Living expenses including food are so low that "three kilos of tomatoes cost 80 euro cents," says Lindner. "A German couple could live comfortably in Turkey on 700 euros a month."
That makes the country very interesting to all those who fear the euro crisis is going to send prices shooting sky-high, and leave them with a pension that won't be sufficient.
Dwindling buying power
Turkey is not, however, immune to the turbulence of capital markets. Rising oil prices are driving up living costs. In its latest forecast, the Turkish Central Bank predicts a rise of 7.62% this year. Most affected would be the prices of electricity, oil, but also food.
Since the euro crisis started becoming increasingly critical last year, the euro has fallen against the Turkish lira. In the summer of 2011, one euro bought 2.55 lira: now it's only 2.32 lira. That means the buying power of the euro in Turkey has gone down by 9% within nine months.
This is due on the one hand to the fact that many Turks working in euro zone countries have transferred their savings back home to protect them from the turmoil of the crisis. Another factor is that Turkey's robust economy is increasingly drawing companies from the euro countries.
Automobile and machinery manufacturers, IT companies, and various providers from Germany, France, Italy, and the Netherlands have either set up in the country or have made production deals with Turkish companies. That fuels demand for liras.

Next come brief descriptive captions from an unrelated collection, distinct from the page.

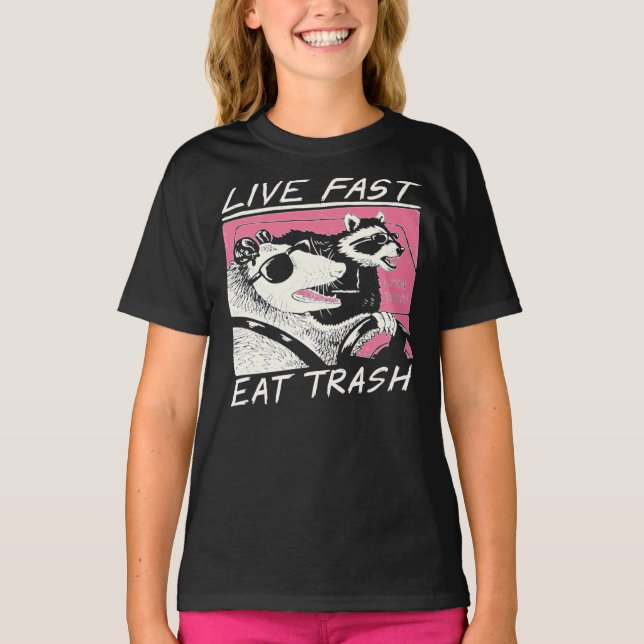Live Fast! Eat Trash! Essential T-Shirt (Frente)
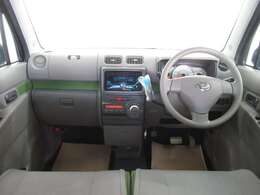 視界良好で運転しやすい車ですロングドライブにも最適です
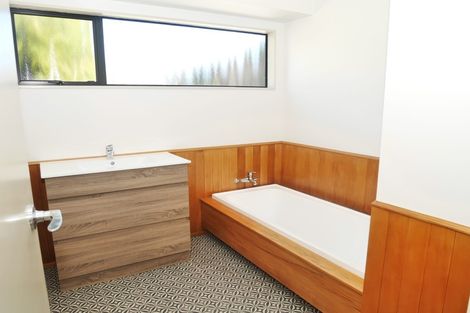 Photo of property in 67b Golf Road, Paraparaumu Beach, Paraparaumu, 5032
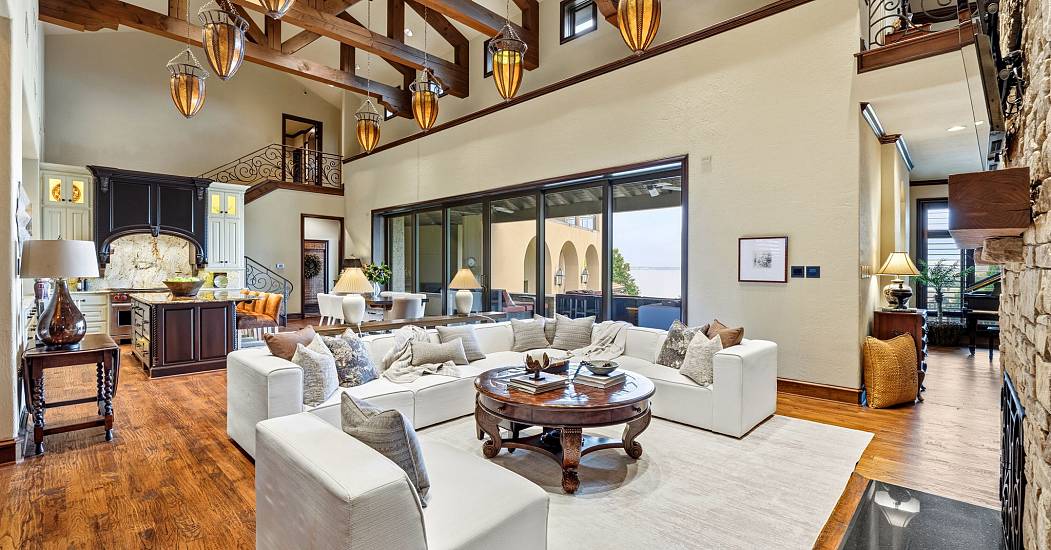 7-web-or-mls-8-meadowlake-dr.jpg
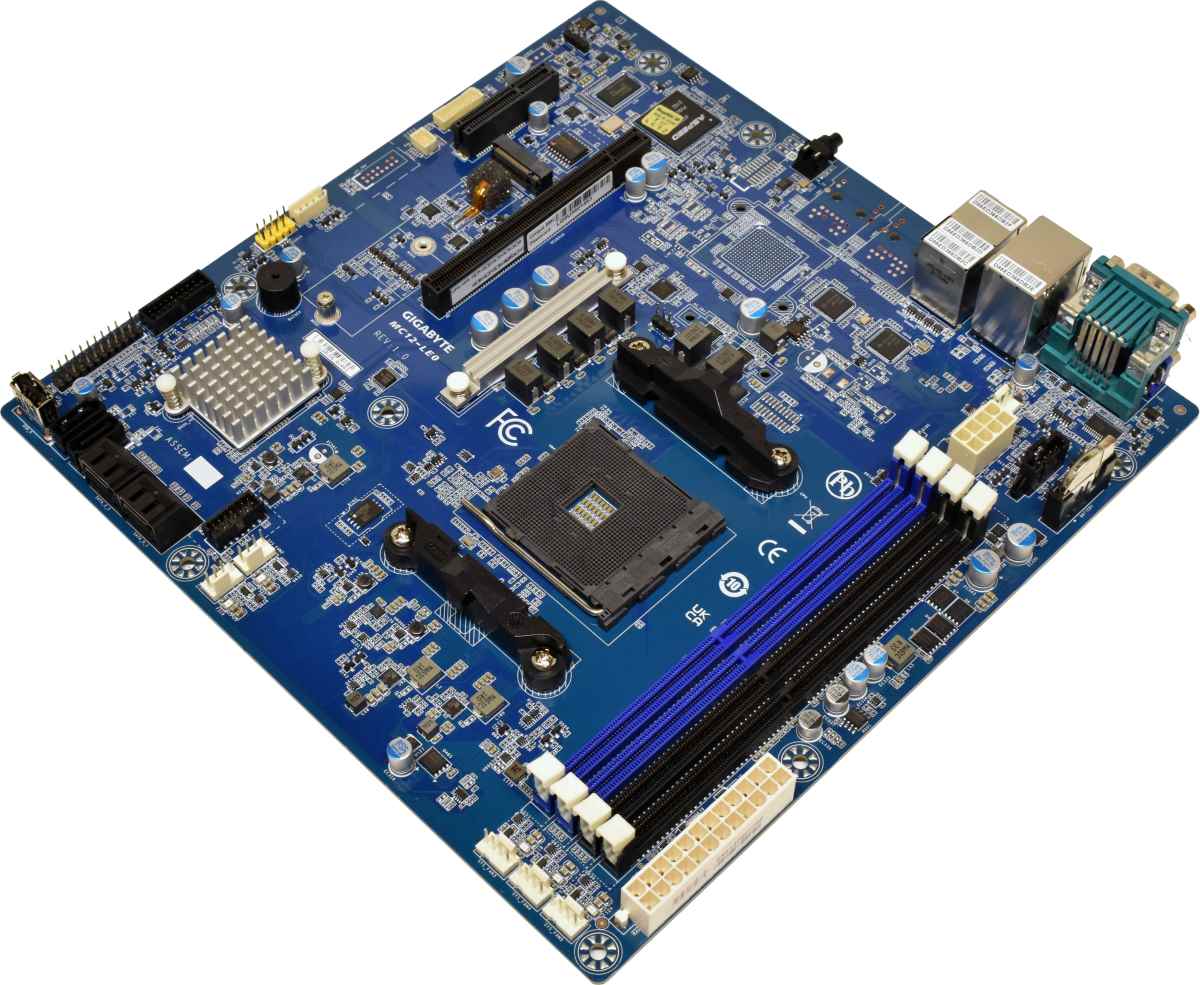 Gigabyte Mainboard MC12-LE0 Re1.0 AMD B550 AM4 Ryzen 5000 4000 3000 Server Board NEU / NEW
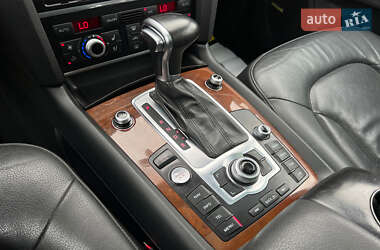 Внедорожник / Кроссовер Audi Q7 2012 в 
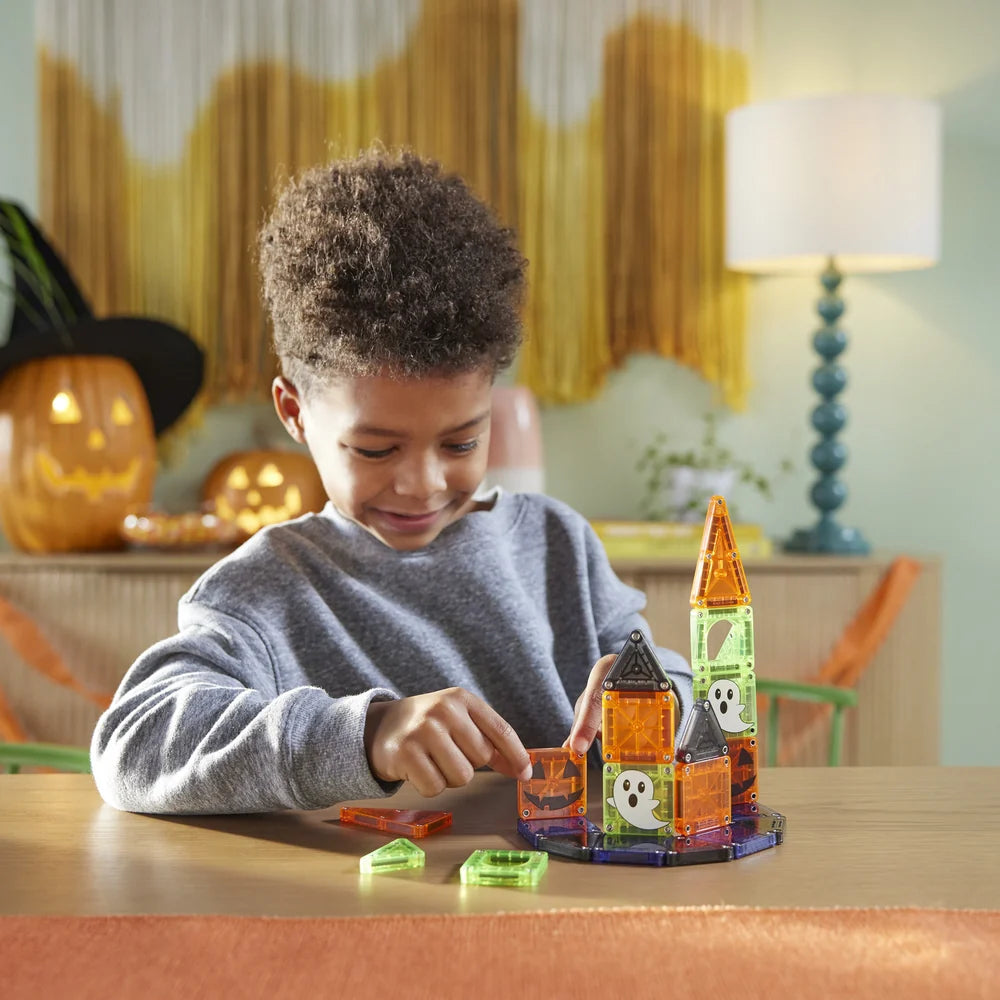 Spooky Travel Set 24 Piece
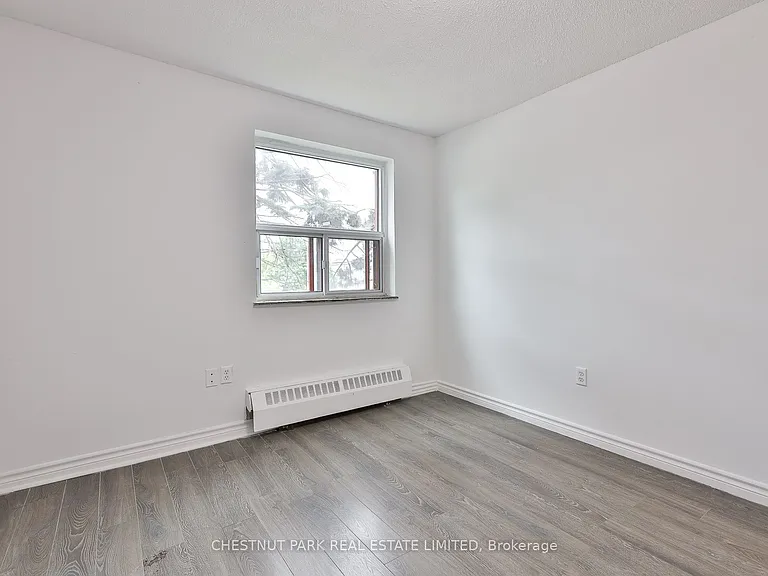 900 Glen St #218 — Photo 23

"At the same time, you're seeing increased demand for real estate in Turkey," says Lindner. According to the Central Bank in Ankara, the Turkish economy grew by 7.5% in 2011. The Turkish Statistical Institute says that unemployment rates fell from 15% to 10.2% in 2011.
"A large middle class is in the process of growing in Turkey, and its members want to fulfill their dreams of owning their own home," Lindner says. "That means that in the next few years prices of apartments and houses are slowly but surely going to climb."
Expect more foreign property buyers
New laws intended to open the Turkish property market up to foreign buyers should further energize the market. Until now, only citizens of countries that allow Turkish citizens to buy property in their country have been allowed to buy land, apartments or houses in Turkey. The E.U. countries do permit this – but not the super-rich Persian Gulf countries.
The new Turkish law is expected to come into effect in September. Also to be lifted are the size limits for properties bought by foreigners; under the new laws, it will be possible for foreign buyers to purchase surfaces of up to 30 hectares without seeking special permission.
This will enliven Turkey's real estate market considerably, agents believe. "There will be a lot of buyers, particularly from the Gulf region," says Feyzullah Yetgin, general manager of Calik Real Estate. "Demand could rise significantly very soon," Prima owner Fide agrees.
A first wave of interest in Turkish properties began in 1997 in Germany, Great Britain, Austria and the Netherlands. More recently, buyers have benefitted from the wake of the financial crisis as many British home owners have been selling. To reduce the loans on their books, many banks in Britain froze loans for holiday homes, so during 2009 and 2010 many British owners were forced to sell, which brought prices down.
Last year, however, the market rose again. According to Turkish Statistical Institute figures, in the fourth quarter of 2011, real estate sales rose 21.8% as compared the same period the previous year.
"Anybody who's toying with the idea of buying a holiday property or a main home in Turkey should start researching the market right now," says Türkei-Objekte's Lindner.